A jornalista faz até um paralelo com essa questão de dominação da mulher, com o cultivo e domínio da terra, que mais tarde gerou a escravidão. Segundo explica, as formas de dominação estão interligadas e resultam num processo cultural muito forte e similiar, que refletem até a contemporaneidade.

“De 4 mil anos para cá, todos os deuses passam a ser masculinos. O homem considerado imagem e semelhança de Deus e aquele que tem alguns privilégios. Já a mulher, passa a ser vista como a problemática, a pecadora, que traz o sofrimento para a terra. Isso muitas vezes é usado como desculpa para justificar a violência contra a mulher”, comenta.

O grande problema, segundo Priscila, é que atrás desses conceitos, a mulher passou a ser vista como um objeto, pelo qual o homem tem direito. “O homem vira o dono.

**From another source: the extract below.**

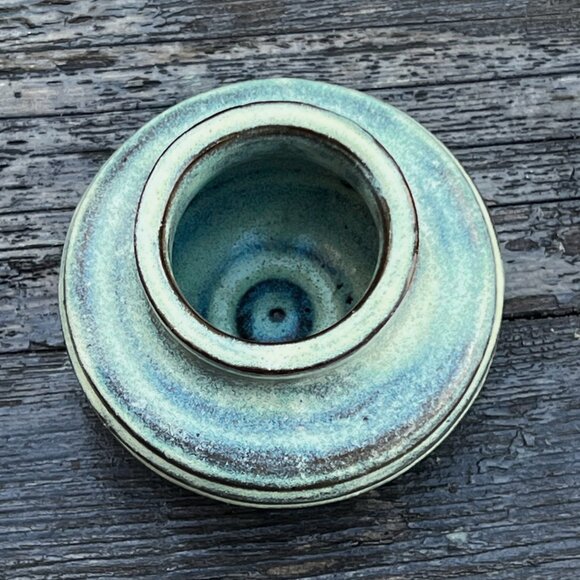 Vintage Artist Signed Blue Drip Brown Glaze Studio Pottery Vase Wheel Thrown Pot - Picture 4 of 5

Ele pode ter mais de uma mulher, mas ela não. Se ela o trair, precisa ser punida. No Brasil, até a década de 30 a lei permitia que o marido da mulher adúltera a matasse em nome da honra”, completou.

Priscila Siqueira diz que a maioria dos homens que chegam ao ponto de assassinar a mulher, não fazem por amor. “Quem ama, quer o bem, cuida. Eles não matam por amor, matam por causa da raiva, da frustração, por ter o orgulho de macho ferido. É inacreditável ver isso acontecendo ainda hoje, em pleno século XXI”, afirmou.

Para Dinalva Tavares, da Associação de Mulheres da Costa Sul, a situação registrada em São Sebastião mostra claramente um caso de femicídio, onde a vítima morreu por ser mulher, mais uma vítima da violência doméstica. Ela lembra que no Brasil, a cada 1h30 uma mulher morre assassinada. Não é à toa que o país ocupa o quarto lugar no mundo no ranking de violência contra a mulher.

Dinalva afirma que a luta é essencial para tentar reduzir esses problemas e algumas conquistas já aconteceram, como é o caso da lei Maria da Penha. Segundo ela, uma das melhores do mundo. 

“A violência contra a mulher é reflexo do machismo, do sexismo, e está em todos os lugares, na classe alta e entre os menos favorecidos. Os homens encaram as mulheres como propriedade e podem decidir sobre o corpo e a vida delas. É algo que está enraizado, mas que é ao mesmo tempo abominável”, completou. 

A ativista acredita que esse panorama só poderá mudar se as bases forem trabalhadas. “Infelizmente, se nada for feito na origem do problema, vamos ver muitos outros casos como este que vimos aqui perto”, finalizou.